Video Installation, ink drawings, stained glass
Full running time - 21min loop
Viewing copy on request
Intimacy is a promise, a kind of economy and debt. Like any other contractual obligation it comes with subclauses as well as written, spoken, and often imagined terms and conditions. It rarely, if ever, comes with a warranty or a health and safety form, which would save more than one of us from the bitter pill of unfulfilled expectation and a history of STDs. In as much as a contract suggests a kind of agreement or settlement, an intimate exchange includes the potential for hesitation or misunderstanding. When one agrees to be intimate with another, one accepts that such bumps are part of the contract; a small, at times large, deposit to be paid in hope of a greater reward. Although it can be consensual and mutually sought, the virtual contract of intimacy might also be acquired or passed on, like a will or inheritance. The already encoded family unit, for instance, enacts a forceful contract amongst its member’s bodies via blood cells, DNA histories and chemical imbalances.

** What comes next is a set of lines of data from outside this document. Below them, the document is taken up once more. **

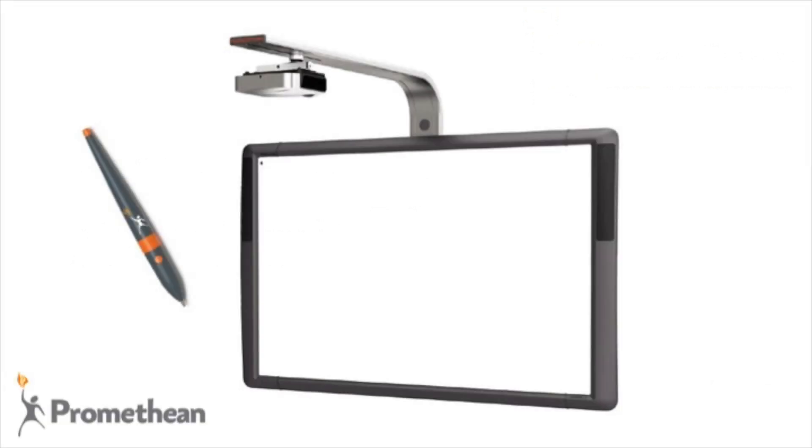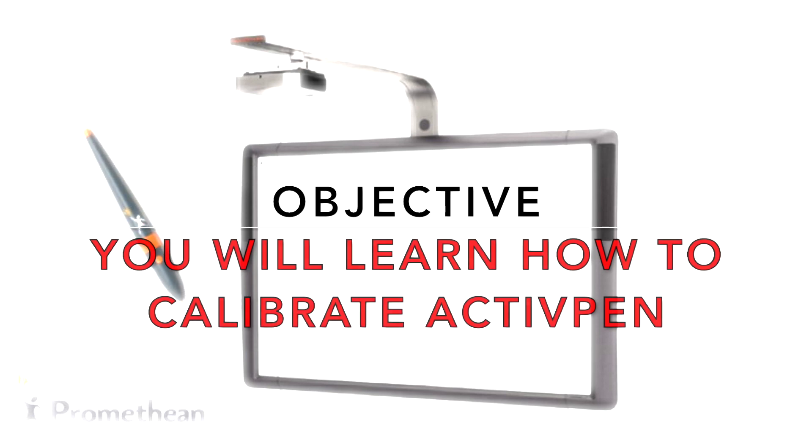When using your Promethean active board, it may become necessary to recalibrate your active pen. Calibration means that the active pen is in proper sync with the Promethean board. In this video, you will learn how to calibrate your active pen.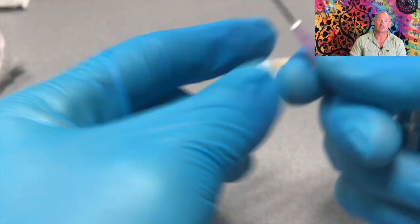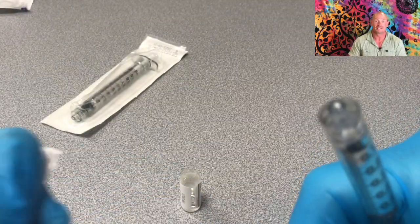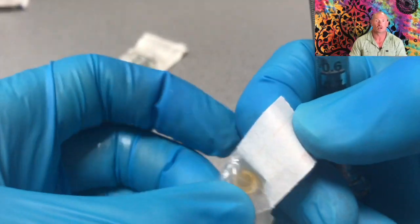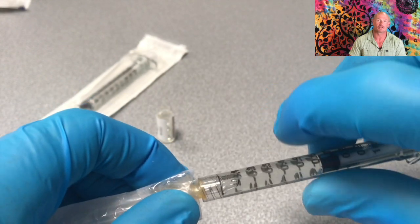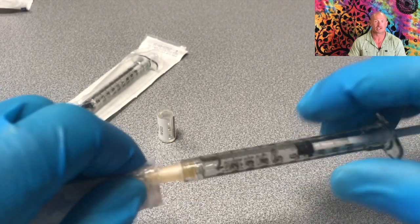Next, put on the injection needle — this is a 25g needle — without uncapping it. This syringe you can simply store at room temperature, as you would store the glass ampoule. Put it in a cool, dark place away from sunlight, for example in a drawer, and leave it there until you need your next injection.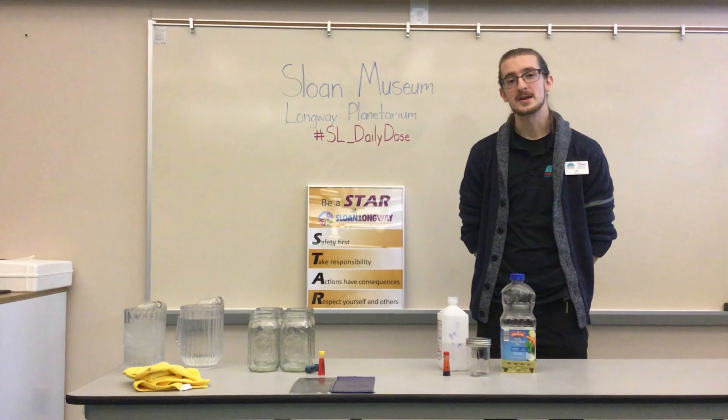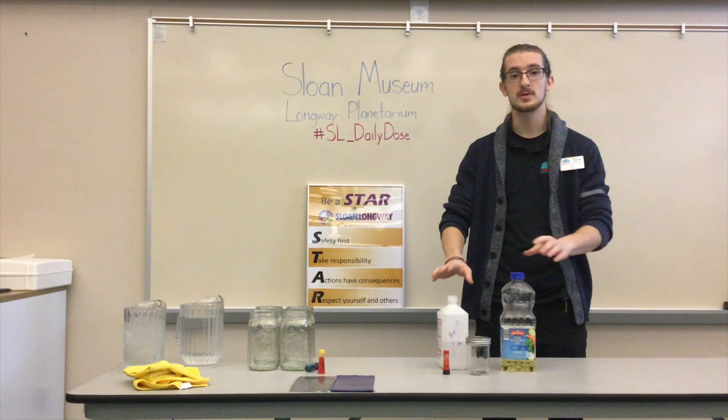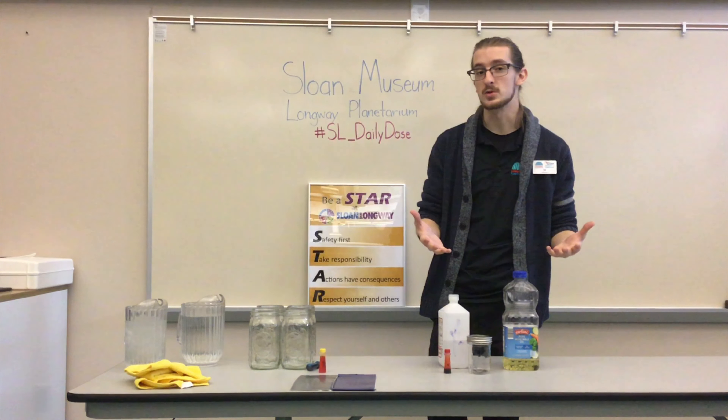Welcome back to the Sloan Museum and Longway Planetarium's Daily Dose of Science. I'm Eli, and we're coming back with some fun experiments for you guys to do at home. Today we're going to be focusing on fun experiments that you can do with water.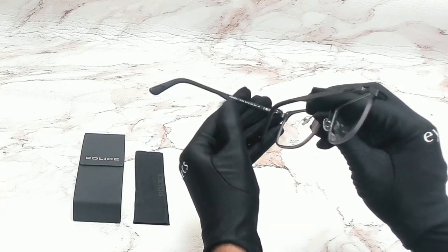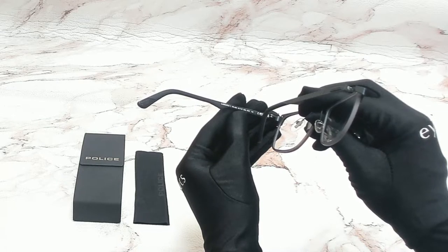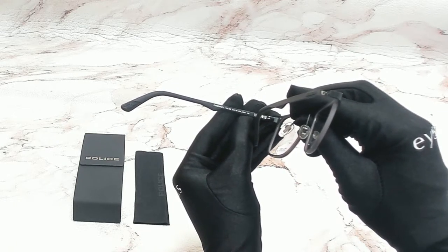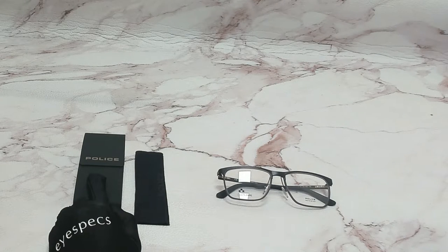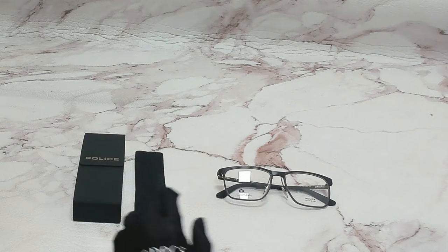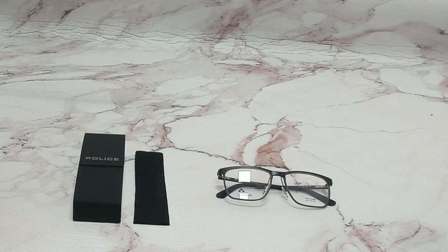55 is for its lenses, 16 is for its bridge, and 145 is for its temple. The glasses come with a case, which color and style may vary, and a cleaning cloth. Thank you for watching and have a joyful day.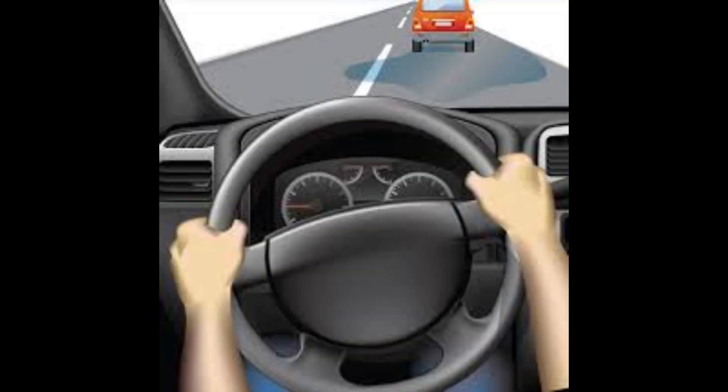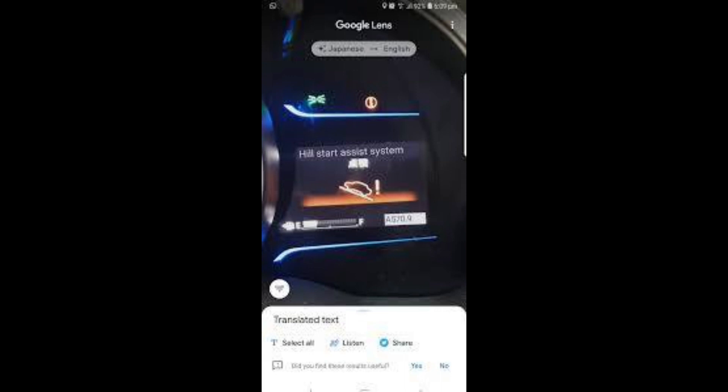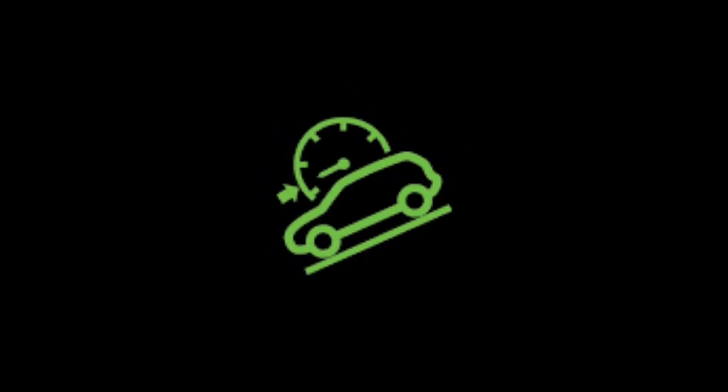Refer to your owner's manual for specifics on how your vehicle's Hill Descent Control operates and when it can be used. This indicator light does not signal when the brakes are being applied, but you'll know the system is working if your vehicle maintains a constant speed without you pressing the brakes. Since Hill Descent Control relies on the ABS, any issues with the ABS will likely disable the Hill Descent Control system.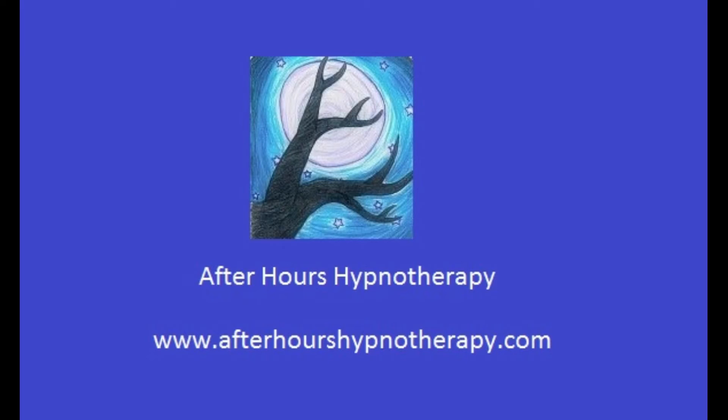And again, inhale. And exhale. I want you to continue focusing on your breathing.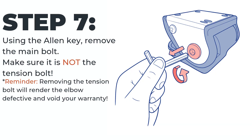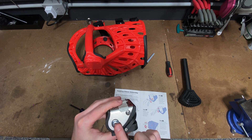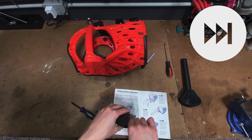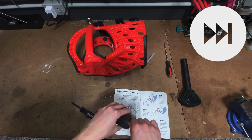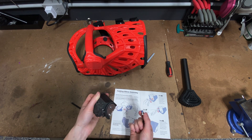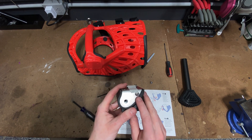Step seven: using the allen key, remove the main bolt. Make sure it is not the tension bolt. As a reminder, removing the tension bolt will render the product defective and void your warranty. Step eight: using a Phillips head screwdriver, remove the set screw. This screw should be on the same side as the main bolt.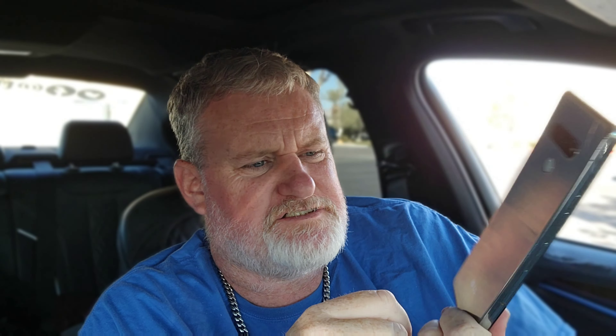This is an LG Stylo 06. It is an absolute piece of crap phone that's literally been sitting in my desk. I actually tried to activate this and give it to a kid out in our neighborhood, and they can't even activate it anymore. It was from like Boost Mobile — aka food-stamp mobile.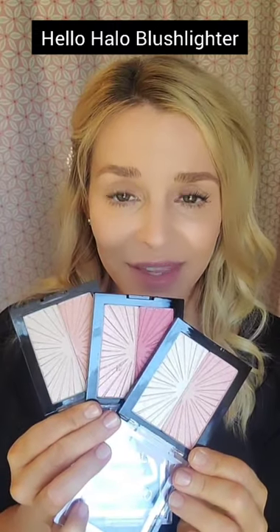I'm Tiffany Kilgore, Director of Artistry for Mark Wins Beauty, and today's tutorial is all about the glowy and radiant Hello Halo blush lighters from Wet n Wild. These are blush and highlighter duos — there are three of them. I'm going to show you how to use each one by itself and then put a look together using all three.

The possibility of intimacy by contract is most clearly represented in the figures of the analyst and the analysand within the psychoanalytical situation, something explored by Leo Bersani and Adam Philips in their co- authored book Intimacies. In the first chapter of the book, intimacy –within psychoanalysis– is considered as built from the ‘gift’ of knowledge, from the patient, in exchange for understanding, facilitated by the analyst. Acknowledging the lack of equal footing between both parties, the book imagines how a similar type of engagement might survive outside the psychoanalytical paradigm, as “an original device to start two people on the way to intimacy, to thwart their intimacy, and finally to allow them to drop the analytic conceit and to be intimate” (Bersani, 2008, p.11). Further, Philips’ definition of psychoanalysis as “what two people can say to each other if they agree not to have sex” sets the conditions that would allow for an intimate relation founded on agreement and contractual binding. Without it, intimacy risks the blurry ground between desire and need, projection and reality.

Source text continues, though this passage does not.